Both Curies tried their hardest to evade the popular attention that descended on them after winning the Nobel – especially the interview requests from journalists who printed whatever came into their heads. Marie sometimes refused to shake hands with admirers and noted that even in her own laboratory she was criticized by some for not being “sufficiently friendly.” When a restaurant owner recognized her and asked her to sign his guest book loudly enough for all the other diners to hear, she silently put down money for her group’s uneaten meals and motioned for them to leave with her. All this wasn’t arrogance or misanthropy but just an introvert’s reticence and desire for privacy.
Several years after Pierre’s tragic death in an accident with a horse-drawn carriage on a stormy day, Marie’s attempt to keep the press at bay took a horrifying turn. She had fallen in love with a scientific colleague, whose jealous wife got hold of their passionate letters to one another and spilled them to the tabloids. Marie Curie was vilified in the papers as a “foreign Jewish home wrecker,” among many other sexist and xenophobic insults. (She was not Jewish.) The hounding got so intense that she had to not only leave Paris but also travel abroad under an assumed name.

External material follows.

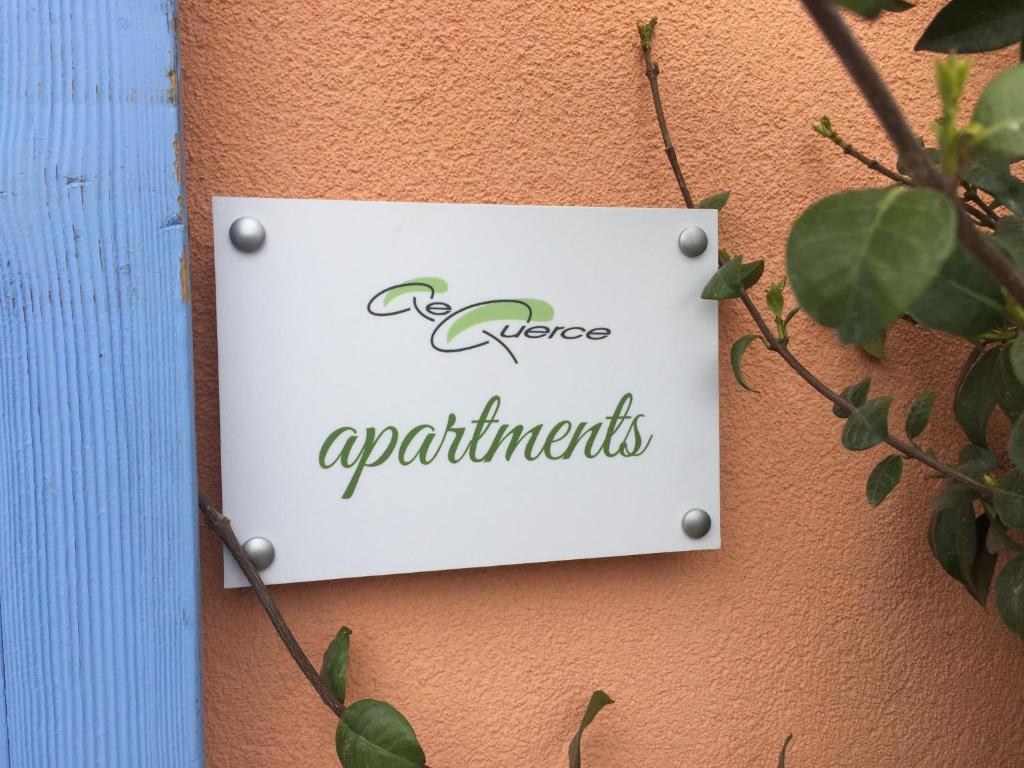 a sign on a wall with the words space apartments at Le Querce Apartments in Ronchi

Around this time, the Nobel Prize committee decided to honor Marie Curie again, this time for isolating the chemical elements of radium and polonium. The telltale love letters had not yet been published. Once the scandal broke and news of it reached Sweden, however, the committee president attempted to dissuade Curie from attending the award ceremony. Curie fiercely retorted, “In fact the prize has been awarded for the discovery of Radium and Polonium. I believe that there is no connection between my scientific work and the facts of private life.” She refused to renounce the prize and attended the award ceremony with her head held high.

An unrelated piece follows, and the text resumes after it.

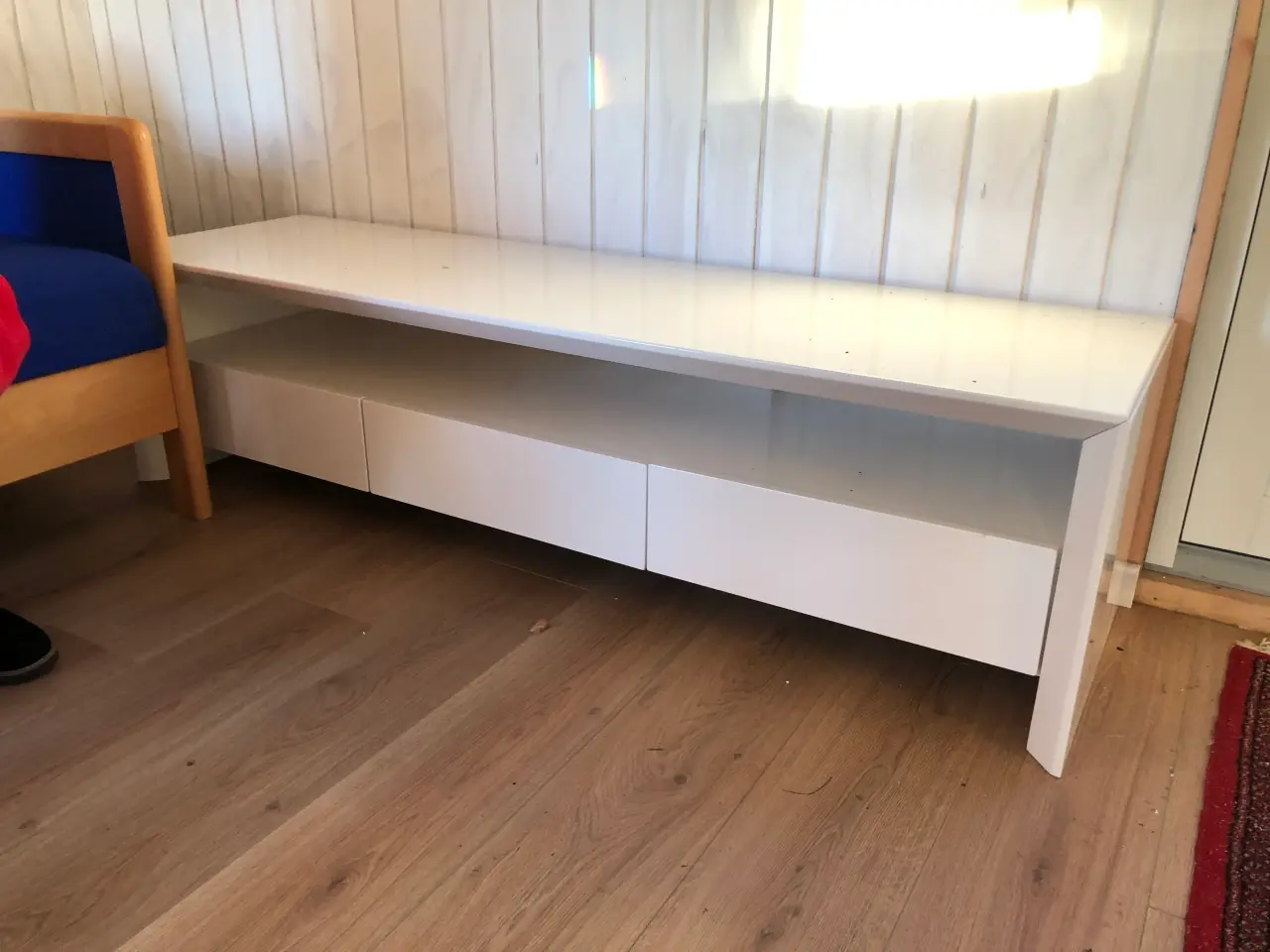 Billede 1 - Reol til TV med 3 skuffer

The New York Times obituary did not mention Curie’s ill-fated love affair or the scorn heaped on her in France because of it. Indeed, her reputation in the United States was so positive that two triumphant tours of America raised sizeable funds for her research. In 1920 Missy Meloney, the editor of an American women’s magazine, learned that although Curie had discovered radium, she lacked the money to purchase enough of it for her own research. One gram cost a whopping $100,000.
Mrs. Meloney vowed to raise the money to solve this problem. In just eight months, she collected $100,000 in small donations from women all over the US. When Curie traveled to America to receive the gift in a ceremony with President Warren Harding, she balked when she was told that the money would be transferred to her personally. Almost holding up the ceremony, she insisted that the gift deed be redrafted with her laboratory as the recipient.
At the same time, Curie did not object when Mrs. Meloney couched her fundraising in terms of radium’s role in medicine even though the gram of radium would mostly be used for pure research. She understood that saving lives had a greater appeal for the public. Equally, she did not object to receiving honorary degrees from Smith College, Wellesley College, the Woman's Medical College of Pennsylvania and four other universities during that trip. She put up with honors and ceremonies that she felt furthered the cause of science or women in science even though she strongly disliked being the center of attention.
On a second trip to the US, Curie arrived two days after the catastrophic stock market crash of October 1929. Nevertheless, President Herbert Hoover went ahead with presenting her a bank draft for tens of thousands of dollars to purchase radium for a new institute in Curie’s native Warsaw. Her health had already been failing for many years, and commentators now are certain that Madame Curie’s unprotected exposure to radiation over the course of decades contributed to her death in 1934 at age 66.